Oil futures were slammed to 11-week lows on Friday, with the U.S. benchmark closing below the $70-a-barrel threshold after the discovery in South Africa of a new variant of the coronavirus that causes COVID-19.
Traders dumped oil after the U.S. Thanksgiving holiday on Thursday, trading on fears potential lockdowns and other restrictions on business and consumer activity could hit fuel demand as a result of the new coronavirus variant.
Analysts also weighed whether the move could prompt the Organization of the Petroleum Exporting Countries and its allies, known as OPEC+, to slow planned production increases when members meet next week.
West Texas Intermediate crude for January delivery
dropped $10.24, or 13.1%, to close at $68.15 a barrel on the New York Mercantile Exchange, the biggest one-day drop for a front-month contract since April 20, 2020, according to Dow Jones Market Data.
A holiday trading environment was blamed for amplifying price swings, in a shortened session on the heels of the U.S. holiday on Thursday. Trading in U.S. oil futures closed an hour early at 1:30 p.m. Eastern.
January Brent crude
the global benchmark, fell $9.50, or 11.6%, to $72.72 a barrel on ICE Futures Europe, the biggest one-day percentage decline since April 21, 2020. Both WTI and Brent saw their lowest close since Sept. 9.
Oil’s fall, along with sharp losses for U.S. stocks as well as European and Asian equities, came after the discovery of a new coronavirus variant with a high level of mutations in South Africa, which has been experiencing a massive spike in cases in recent days. Investors poured money into gold
and other perceived havens such as the Japanese yen
Some analysts saw the selloff as overdone.
“Traders are putting the fear of this new strain ahead of the reality. While we have to take it seriously, oil should find a floor in the $72 area,” said Phil Flynn, analyst at Price Futures Group, in a note.
“The worries are still that U.S. volume today will be light but the markets look to be ahead of the risk even though we are not even close to understanding how bad this new variant might be,” he said.
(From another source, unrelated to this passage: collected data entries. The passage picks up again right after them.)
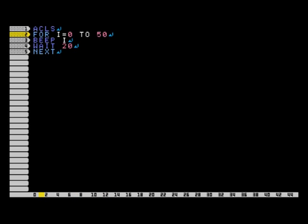It starts with for, and then you have a variable that is equal to a certain number, and then you say to what number that you want that variable to increment up to.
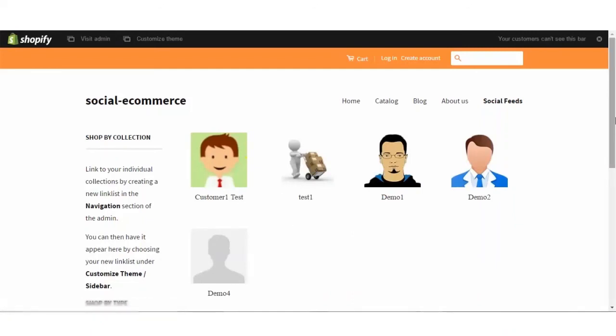So that was all about the app. In case of any related queries or questions you can always write us at app support at the rate webpool.com or sales at the rate webpool.com and we'll be very happy to help you. Thank you so much.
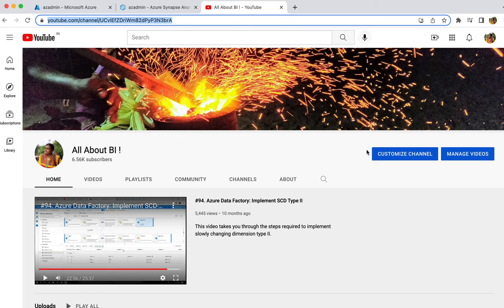Welcome back to our channel all about Azure Synapse Analytics. It's been a long time since we met on the Azure Synapse Analytics playlist. This session is going to be about dedicated SQL pool. In the initial sessions we discussed the basics of serverless SQL pool and also covered the basic differences between dedicated SQL pool and serverless SQL pool.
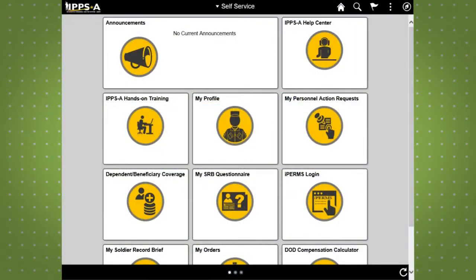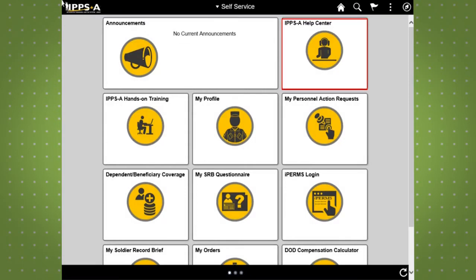After logging in, you'll be taken to the iHub homepage. This page displays tiles that act as portals to areas within IPSE that you are authorized to view. To submit a case, begin by selecting the IPSE Help Center tile.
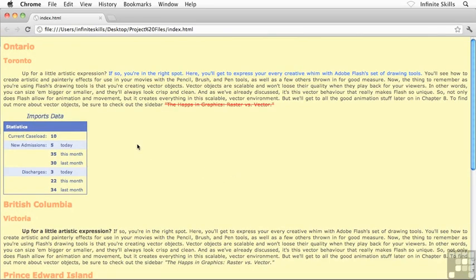There we go. So now I've pushed the actual table away from the caption itself, which is pretty cool. So you can use whatever value you want. I'm just kind of showing you a couple of quick examples here.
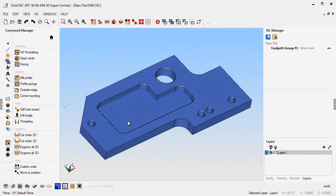Hello, this is Patrick at OneCNCWest. Thank you for taking the time to watch this video. I'd like to take about five minutes and talk about OneCNC machining templates and how they can save you a lot of time when programming parts.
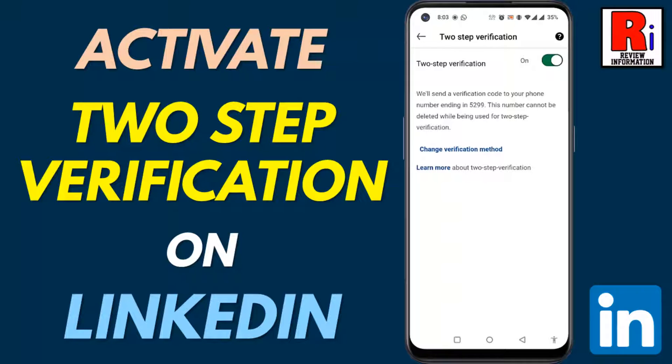Hello viewers and welcome to review information. In this video I will show you how to activate two-step verification on your LinkedIn account.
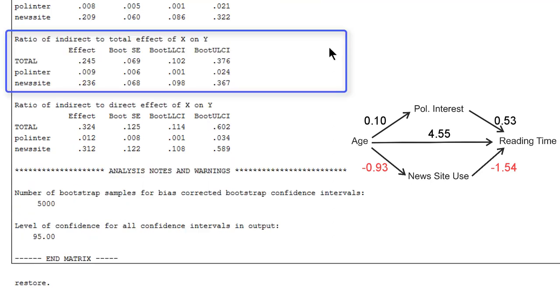And then finally, at the bottom of the output, we get a comparison between the size of the indirect effect and the total effect or the direct effect. First of all, we see that the two indirect effects together account for about 25% of the total effect of age on reading time.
Dubbed the “omicron” variant by the World Health Organization, it had also been detected in Botswana and Hong Kong in travelers who had visited South Africa. The World Health Organization held an emergency meeting on Friday to assess the variant, which scientists aren’t sure is more deadly or to what degree it might be more easily transmissible.
But scientists say it is the most heavily mutated variant so far, which could make it more transmissible than the delta variant which plagued the U.S. and Europe in the summer and autumn.
Already countries were taking precautionary measures, with the U.K. halting travelers from South Africa and five other nations from Friday. The variant shock comes as Europe has been battling a spike in cases across many countries, such as the economic powerhouse Germany. Austria has locked down its population, while other countries are also rolling out restrictions.
“Depending on how this virus-led selloff evolves, and how concerned the WHO is of it, the calculations surrounding the OPEC+ meeting next week could change,” said Jeffrey Halley, senior market analyst at OANDA.
“OPEC+ has stated repeatedly that one area of caution was the resurgence of COVID-19 eroding oil demand as the grouping raises production,” he told clients in a note.
Traders have been questioning whether Organization of the Petroleum Exporting Countries and its allies — called OPEC+, will decide next week to scrap those output increases after a coordinated release of strategic reserves by several countries, including the U.S.
The cartel and its allies has previously pushed back against requests by the Biden administration and others to speed up production increases. OPEC+ has boosted output in monthly increments of 400,000 barrels a day as it unwinds earlier production cuts.
Natural-gas futures bucked the trend in energy markets, with the December contract
jumping 7.5% to $5.4470 per million British thermal units.